His mother began the process of immigrating to the US in 1984, but only in 2004, when William was 16 years old, did the family finally make the move to California.
But 11 years later, after studying biochemistry and business at UC Davis and an unfulfilling stint as a banker, the American dream remained elusive to Lee.
For the next year, he searched for purpose in the streets of San Francisco as an Uber driver. While shuttling people around the city, he noticed a pattern. Every Friday, he would receive several requests for rides to the Fort Mason Center, located at the northern tip San Francisco. Intrigued by what he was clearly missing out on, William eventually decided to check out the scene.
What he discovered was a food truck bacchanalia hosted by a local event company called Off The Grid, where families and friends come together for live music, outdoor activities and flavors from around the world supplied by a rotating roster of over 200 food trucks.
“This is what originally gave me the food truck idea. And then, I checked around if there was any competition for a Burmese truck. I didn’t see any,” William said.
Around the same time, William’s sister graduated from a course on culinary arts.
“My mom and my sister do great Burmese cooking. So I saw a great opportunity to dive in,” he said. Now all three of them run the food truck together.

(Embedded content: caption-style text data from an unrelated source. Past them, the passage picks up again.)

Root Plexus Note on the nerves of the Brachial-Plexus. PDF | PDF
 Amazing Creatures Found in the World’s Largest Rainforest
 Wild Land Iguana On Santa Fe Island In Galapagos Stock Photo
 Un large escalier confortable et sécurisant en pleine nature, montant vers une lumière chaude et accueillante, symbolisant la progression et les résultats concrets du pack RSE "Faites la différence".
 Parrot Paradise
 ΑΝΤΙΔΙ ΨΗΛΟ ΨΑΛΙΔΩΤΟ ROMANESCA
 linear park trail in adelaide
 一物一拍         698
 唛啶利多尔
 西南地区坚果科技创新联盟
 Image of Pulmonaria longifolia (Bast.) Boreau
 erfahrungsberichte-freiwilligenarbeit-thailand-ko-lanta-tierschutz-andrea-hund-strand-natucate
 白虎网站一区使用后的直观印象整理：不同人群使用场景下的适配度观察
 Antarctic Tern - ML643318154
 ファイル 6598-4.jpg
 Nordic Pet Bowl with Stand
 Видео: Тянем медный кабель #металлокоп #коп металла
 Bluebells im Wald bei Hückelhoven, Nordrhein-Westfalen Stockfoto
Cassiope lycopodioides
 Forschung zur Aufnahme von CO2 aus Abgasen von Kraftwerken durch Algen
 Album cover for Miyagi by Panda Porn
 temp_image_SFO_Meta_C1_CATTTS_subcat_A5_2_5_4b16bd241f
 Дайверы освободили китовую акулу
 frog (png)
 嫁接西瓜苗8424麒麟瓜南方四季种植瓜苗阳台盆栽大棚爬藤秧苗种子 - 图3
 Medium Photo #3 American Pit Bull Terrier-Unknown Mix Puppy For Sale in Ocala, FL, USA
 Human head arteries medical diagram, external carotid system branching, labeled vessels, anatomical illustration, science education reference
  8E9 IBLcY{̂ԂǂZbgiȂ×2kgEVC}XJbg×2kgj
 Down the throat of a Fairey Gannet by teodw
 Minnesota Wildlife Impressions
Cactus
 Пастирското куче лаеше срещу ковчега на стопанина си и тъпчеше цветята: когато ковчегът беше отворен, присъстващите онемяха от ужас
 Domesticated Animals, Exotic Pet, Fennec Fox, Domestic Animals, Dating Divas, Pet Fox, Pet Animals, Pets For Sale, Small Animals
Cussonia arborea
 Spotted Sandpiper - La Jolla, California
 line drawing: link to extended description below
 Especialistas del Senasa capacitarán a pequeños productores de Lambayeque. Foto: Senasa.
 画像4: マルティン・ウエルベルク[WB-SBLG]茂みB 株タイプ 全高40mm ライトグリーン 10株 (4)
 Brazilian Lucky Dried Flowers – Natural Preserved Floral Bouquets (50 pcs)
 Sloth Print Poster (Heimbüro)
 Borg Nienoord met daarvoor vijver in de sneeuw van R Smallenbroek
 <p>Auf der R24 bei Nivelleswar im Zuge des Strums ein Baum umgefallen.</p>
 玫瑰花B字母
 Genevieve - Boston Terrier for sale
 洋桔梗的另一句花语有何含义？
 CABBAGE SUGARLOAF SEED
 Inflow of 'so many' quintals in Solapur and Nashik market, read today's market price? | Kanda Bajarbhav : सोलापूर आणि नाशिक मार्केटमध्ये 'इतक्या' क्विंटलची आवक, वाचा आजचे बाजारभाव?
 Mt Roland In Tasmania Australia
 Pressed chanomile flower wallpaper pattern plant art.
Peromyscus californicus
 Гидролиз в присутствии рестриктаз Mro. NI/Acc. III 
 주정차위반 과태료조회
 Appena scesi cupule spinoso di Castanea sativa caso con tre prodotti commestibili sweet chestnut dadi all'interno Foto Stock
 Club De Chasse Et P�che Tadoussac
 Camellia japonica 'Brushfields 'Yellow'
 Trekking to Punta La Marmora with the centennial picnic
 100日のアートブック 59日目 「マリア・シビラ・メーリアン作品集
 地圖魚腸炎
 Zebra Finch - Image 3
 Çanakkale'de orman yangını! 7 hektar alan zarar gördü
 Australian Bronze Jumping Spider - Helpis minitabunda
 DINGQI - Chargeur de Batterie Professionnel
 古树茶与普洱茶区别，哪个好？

The business took nine months to set up, and Wanna-E finally opened in March 2015.
“Wanna-E is just slang for ‘wanna eat’,” he explained. “When we were trying to find a name, we looked at the other Burmese restaurants in San Francisco and around the Bay Area. Most of them are Burma-themed, like Little Yangon or Burma Superstar,” William said, referencing just two of the many mega-popular Burmese restaurants in the area.
In addition to choosing a distinctive name for his truck and his business, William and his family also sought a flavor that would stand out among the many Burmese restaurants in the Bay Area.
“We don’t say we serve Burmese food—we say it’s Mandalay gourmet. Mandalay is very diverse. There are Bamar, Shan, Chinese, and Indian people there, and that comes out in our food.”
Wanna-E serves the kind of food you would find in Mandalay itself. The tea leaf salad is a coveted dish among San Franciscans and a favorite among Wanna-E customers. Other appetizers include ginger salad, pinto fritters, and golden tofu fries – all inspired by the streets of Lee’s hometown.
Another favorite is called ‘Not So Stinky Garlic Noodle’ – a take on sichet khao swe topped with braised pork and scallions and dressed in soy sauce and garlic oil. The shiitake noodle soup is a Yunnanese version of Shan noodles, often found in Mandalay.
Lee says the people of San Francisco have embraced Mandalay cuisine, even when it comes with such unfamiliar ingredients as dry shrimp powder. He says many customers recognize Myanmar from the news, and some even tell him about the time they visited Bagan. But most of his customer don’t know what Mandalay is. In these situations, he and his family are happy to tell their story.
So if you even find yourself on 2nd and Harrison in downtown San Francisco, make sure to grab a meal with the Lee family.